- Grunis in 2026
- Born: 5 October 1979 Kazan, Tatar ASSR, Russian SFSR, Soviet Union
- Died: 13 September 2026 (aged 46) Horlivka, Donetsk Oblast, Ukraine
- Military career
- Allegiance: Russia
- Branch: Russian Ground Forces
- Rank: Major general
- Nickname: Call sign "Grozny"
- Commands: 4th Separate Motor Rifle Brigade
- Conflicts: Second Chechen War; Russo-Georgian War; Syrian civil war Russian intervention; ; 2022 Russian invasion of Ukraine;
- Awards: Hero of the Russian Federation; Hero of the Donetsk People's Republic; Hero of the Chechen Republic; Order of Courage (3); Medal of the Order "For Merit to the Fatherland", 1st class; Medal of the Order "For Merit to the Fatherland", 2nd class; Medal "For Combat Distinction"; Medal "For Military Valor", 2nd class; Medal for Participation in the Special Military Operation;

= Anton Grunis =

Russian military officer (1979–2026)

Anton Feliksovich Grunis (Антон Феликсович Грунис; 5 October 1979 – 13 September 2026) was a Russian military officer, who was commander of the 4th Separate Guards Motor Rifle Brigade, and a Major general (2024). He participated in the Russian intervention in the Syrian civil war and the 2022 Russian invasion of Ukraine. Hero of the Russian Federation (2026).

==Biography==
Anton Grunis was born in Kazan in 1979. In 1996, he graduated from the Kazan Suvorov Military School and the Moscow Higher Combined Arms Command School.

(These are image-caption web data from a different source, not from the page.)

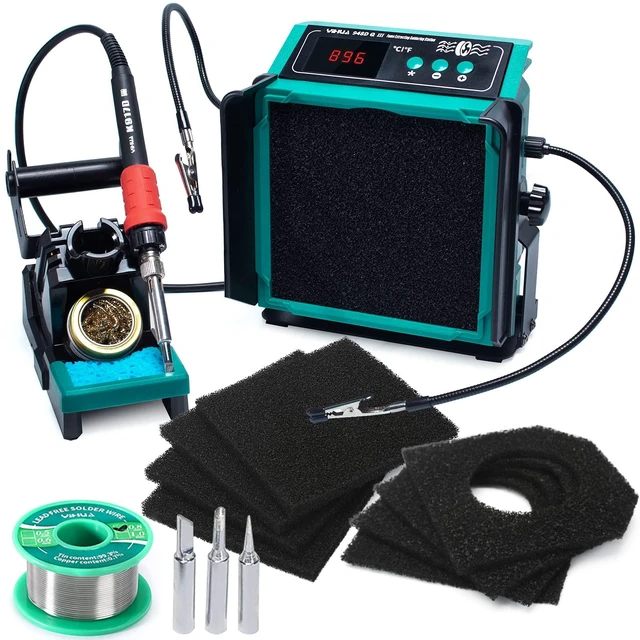 Main image of YIHUA 948DQ-III 2-IN-1 Solder Fume Extractor and 110W Soldering Station Kit | High-power soldering iron with precise temp. control 392~896°F, with helping hands, tiltable angle, dual-filter extractor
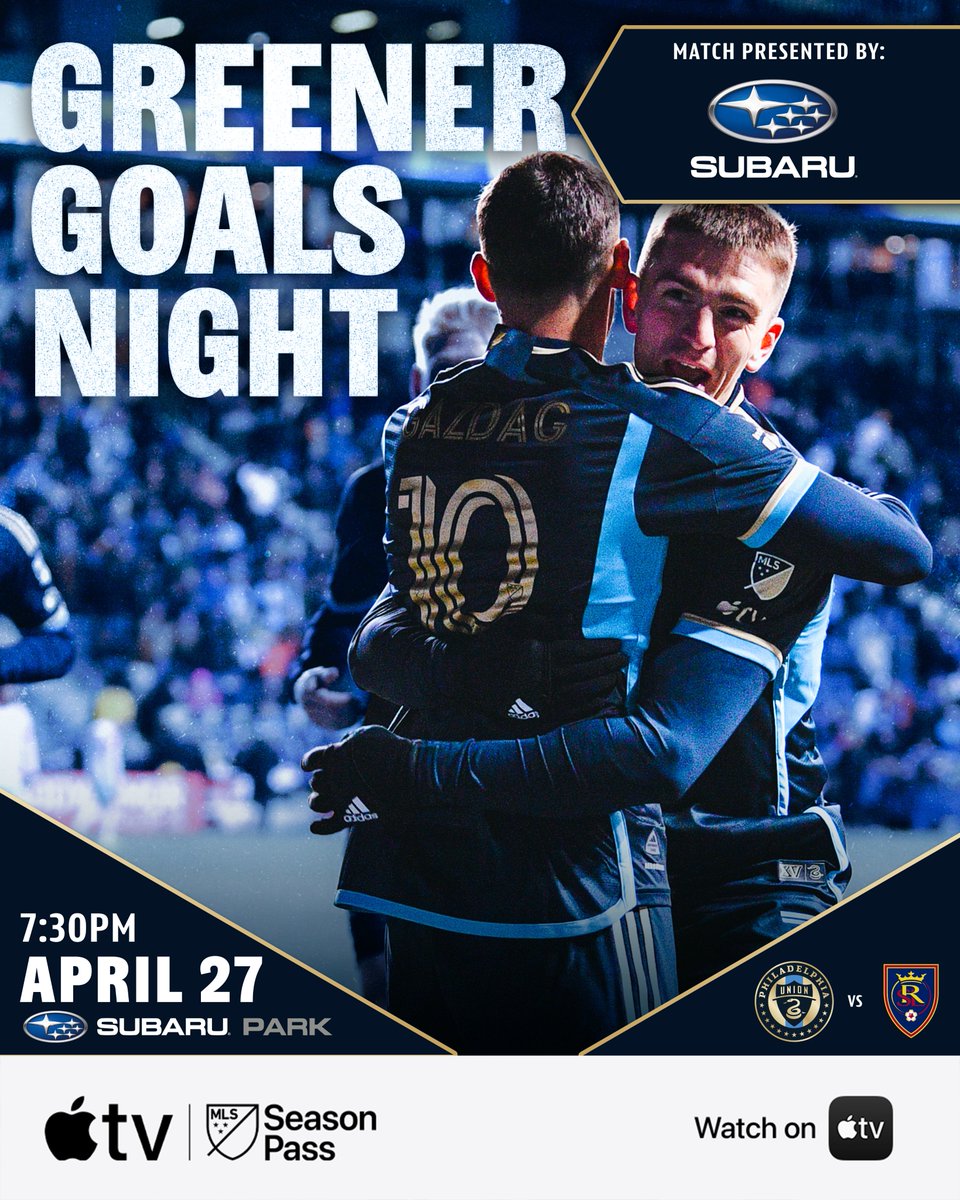 Back at home this Saturday for Greener Goals Night pres. by @subaru_usa! 🌎 🆚 @realsaltlake 🗓️ April 27 🕓 7:30pm 🏟️ Subaru Park 📺 #MLSSeasonPass on @appletv: apple.co/Union 📻 @975TheFanatic pres. by @LiveCasinoPHL #DOOP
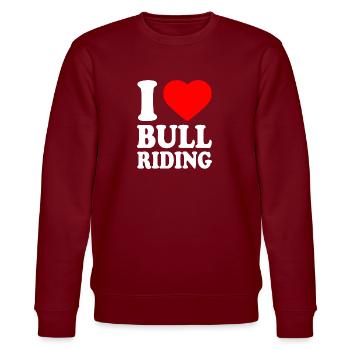 I love bull riding - Stanley/Stella Unisex Bio-Sweatshirt CHANGER  - Burgunderrot - Vorne - Nik (191cm) & Marisol (170cm)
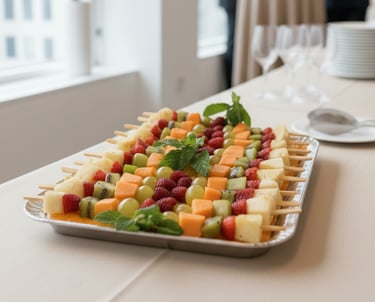 a tray of fruit on a table with a tray of fruit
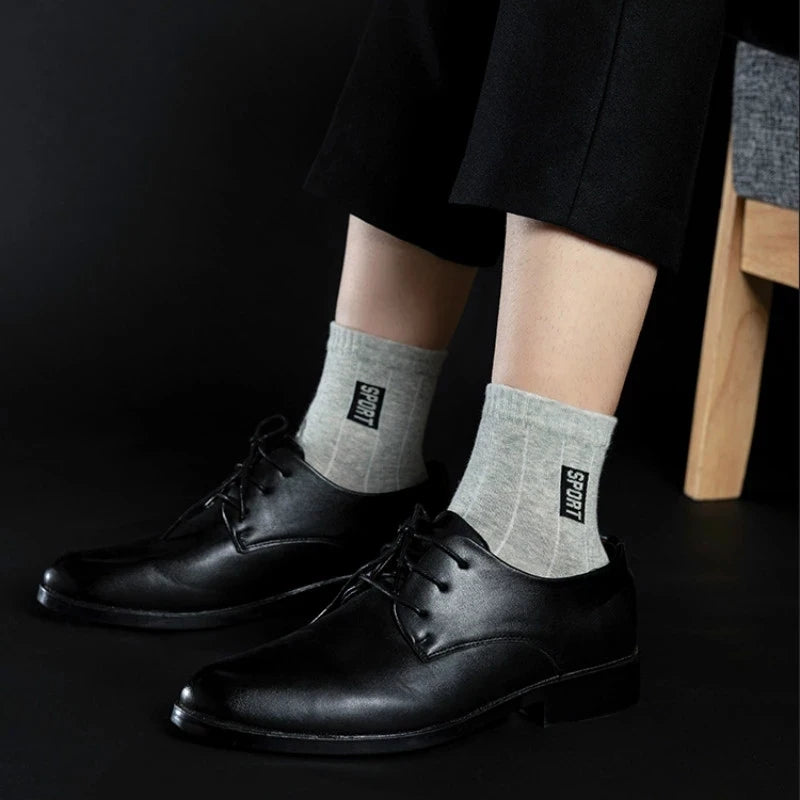 20Pcs=10Pairs High Quality Men Socks Cotton Breathable Sweat-Absorbent Middle Tuble Black Socks Deodorant Business Men Gift Sock Secondary image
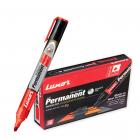 Luxor 1222 Refillable Permanent Marker - Red - Box of 10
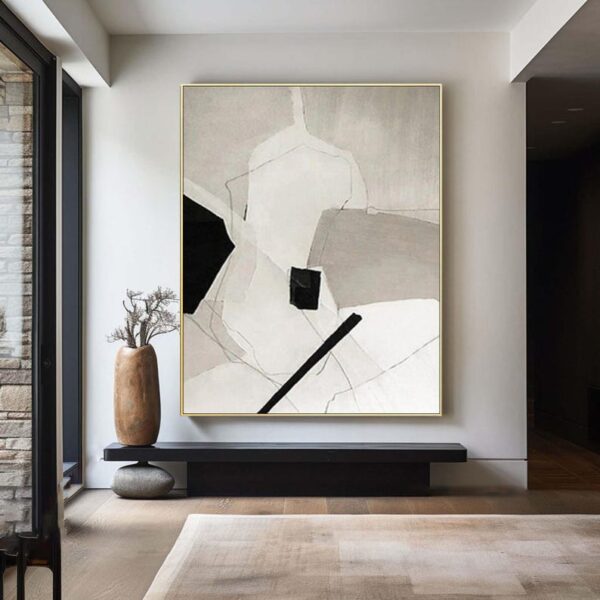 abstract painting, monochrome palette, geometric shapes, textured canvas, modern minimalist art, black and white wall decor, large framed artwork, neutral tones - Image 3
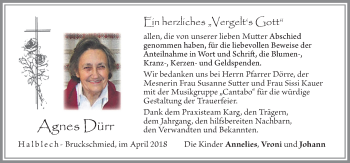 Traueranzeige von Agnes Dürr von Allgäuer Zeitung, Füssen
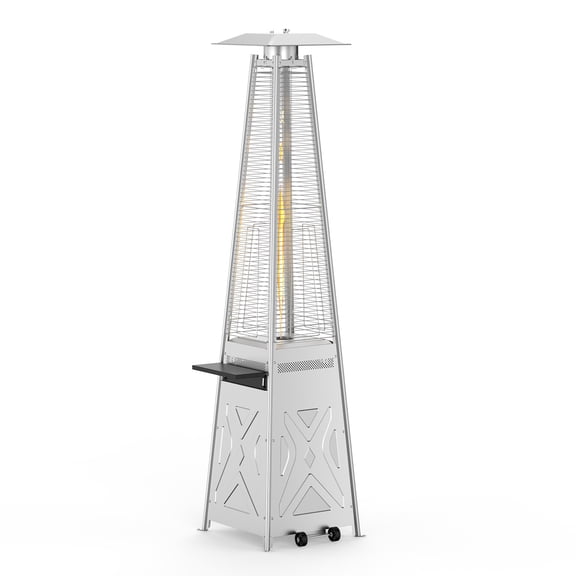 48,000 BTU Pyramid Patio Heater, Propane Outdoor Heater with Quartz Glass Tube, Stainless Steel, Wheels and Beverage Holder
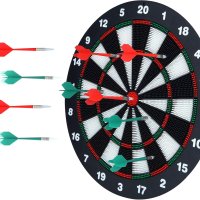 Dart Board Set for Kids and Adults, 16 Inch Soft Rubber Dart Game with Standing Bracket and 6 Soft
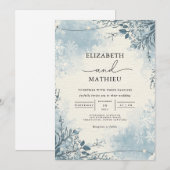 Frosty Blue Botanical Winter Wedding Kaart (Voorkant / Achterkant)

He participated in the Second Chechen War, the Russo-Georgian War, the 2014 Russian annexation of Crimea, and the Russian intervention in the Syrian civil war. In 2021, Anton Grunis was discharged to the reserve.

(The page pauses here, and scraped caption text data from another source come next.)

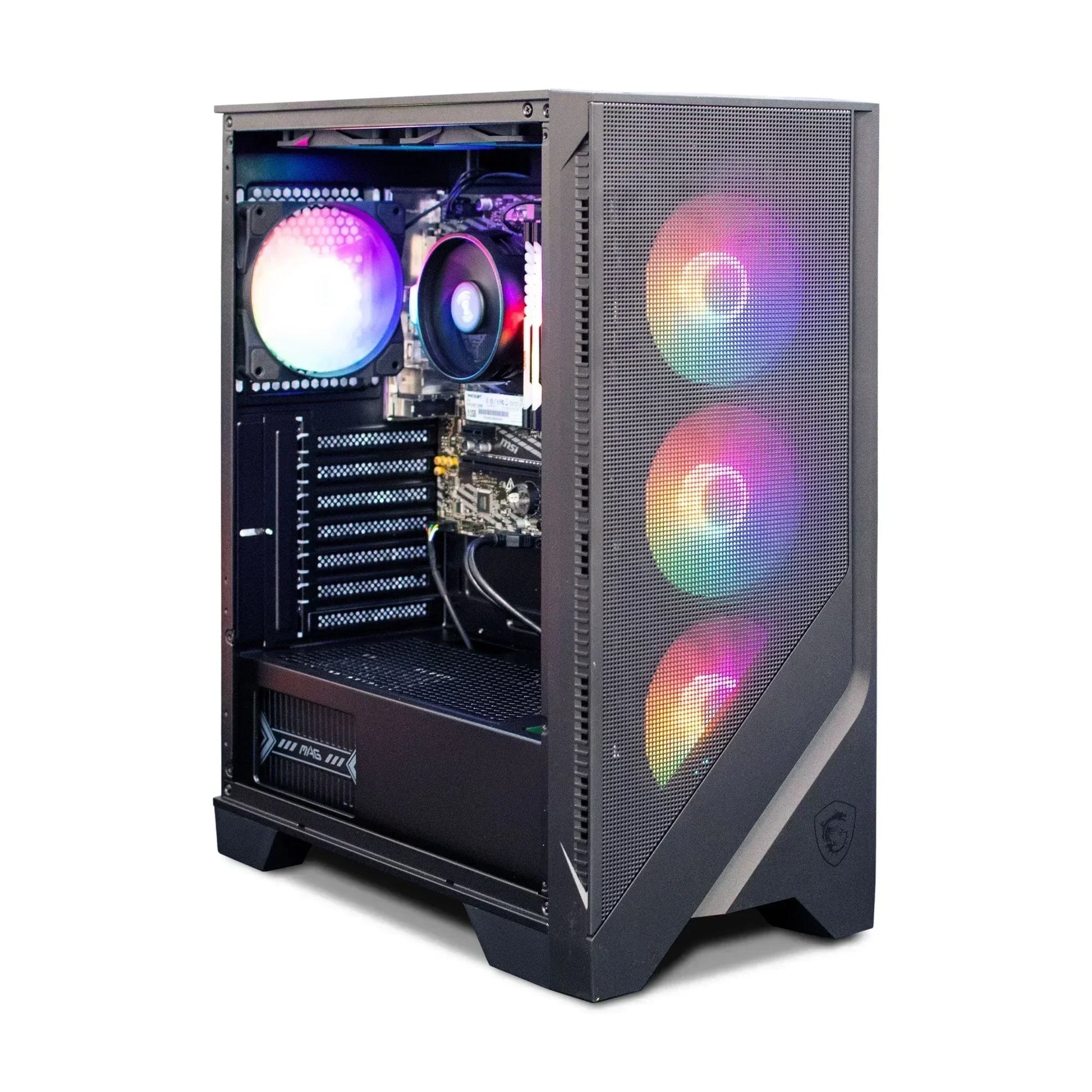 Gaming PC tower with RGB fans and transparent side panel, custom desktop setup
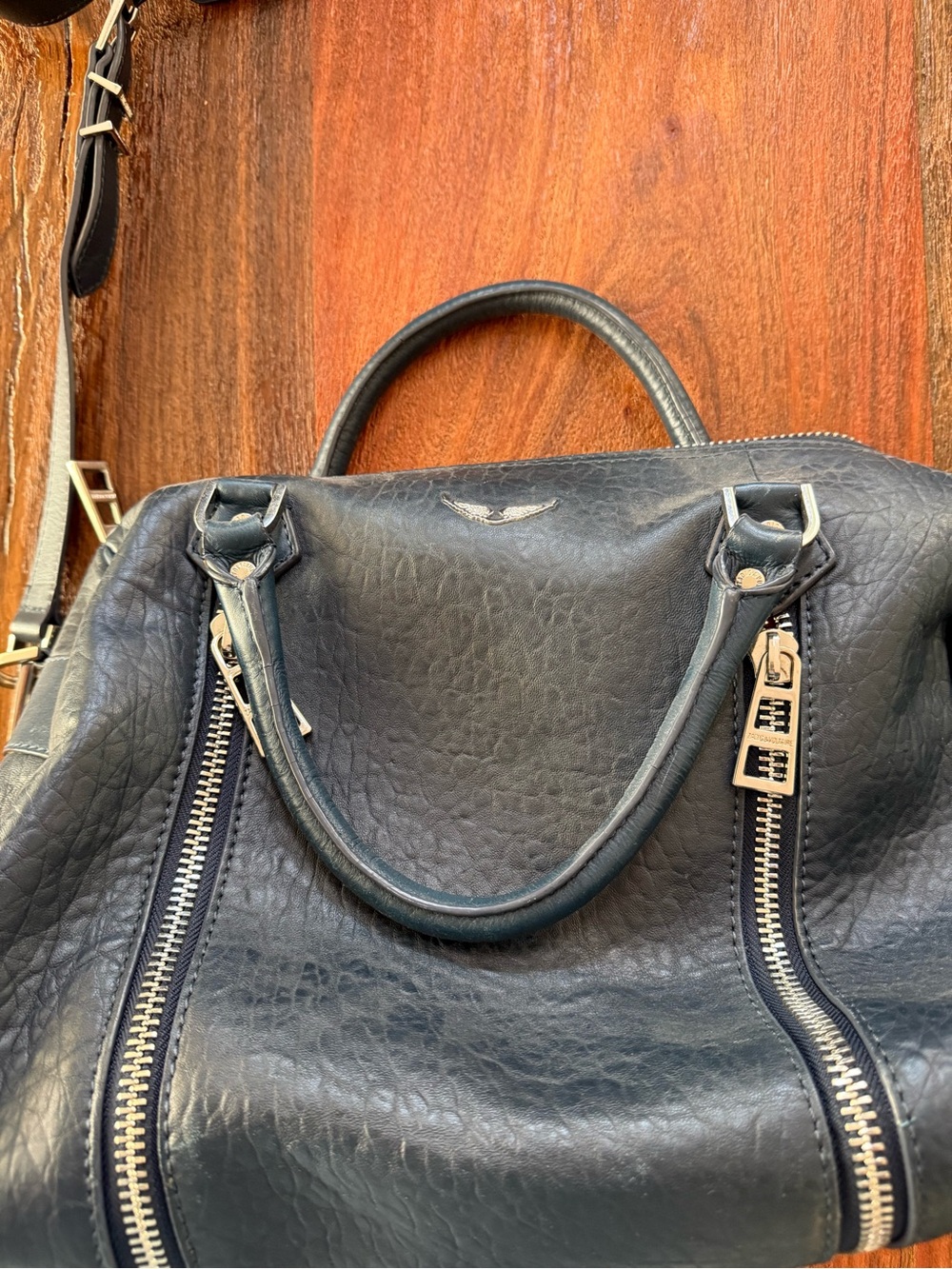 Zadig & Voltaire Black Textured Leather Top-Handle Satchel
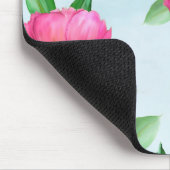 ピンクエレガントフローラガシンプルーデン水の色牡丹 マウスパッド (コーナー)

In 2023, Grunis returned to the army and became chief of staff of the 123rd Separate Guards Motor Rifle Brigade, which, together with units of the Wagner Group, participated in the Battle of Bakhmut. Following the death of the 4th Separate Motor Rifle Brigade commander Vyacheslav Makarov, Grunis succeeded him.

By decree of the President of Russia dated 2 May 2024, Colonel Grunis was promoted to the military rank of Major general.

By the summer of 2026, he commanded the 4th Separate Guards Motor Rifle Brigade of the 3rd Guards Combined Arms Army of the Southern Military District. The brigade is part of the "South" Group of Forces. He distinguished himself in the Battle of Kostiantynivka. On 4 July, Anton Grunis reported to Vladimir Putin by video link on the details of the capture of Kostiantynivka.

In 2026, by decree of the President of the Russian Federation, Grunis was awarded the title Hero of the Russian Federation for heroism, courage and bravery displayed in the performance of military duty.

Grunis was killed on 13 September 2026, at the age of 46. Robert Brovdi, commander of the Unmanned Systems Forces of Ukraine, published a video showing a drone strike on a private house in which, according to Brovdi, Grunis was killed. The strike was geolocated in the occupied city of Horlivka.

==Awards==
The Gold Star medal and a named weapon were presented to Grunis by the Minister of Defence of the Russian Federation Andrey Belousov on 28 August 2026.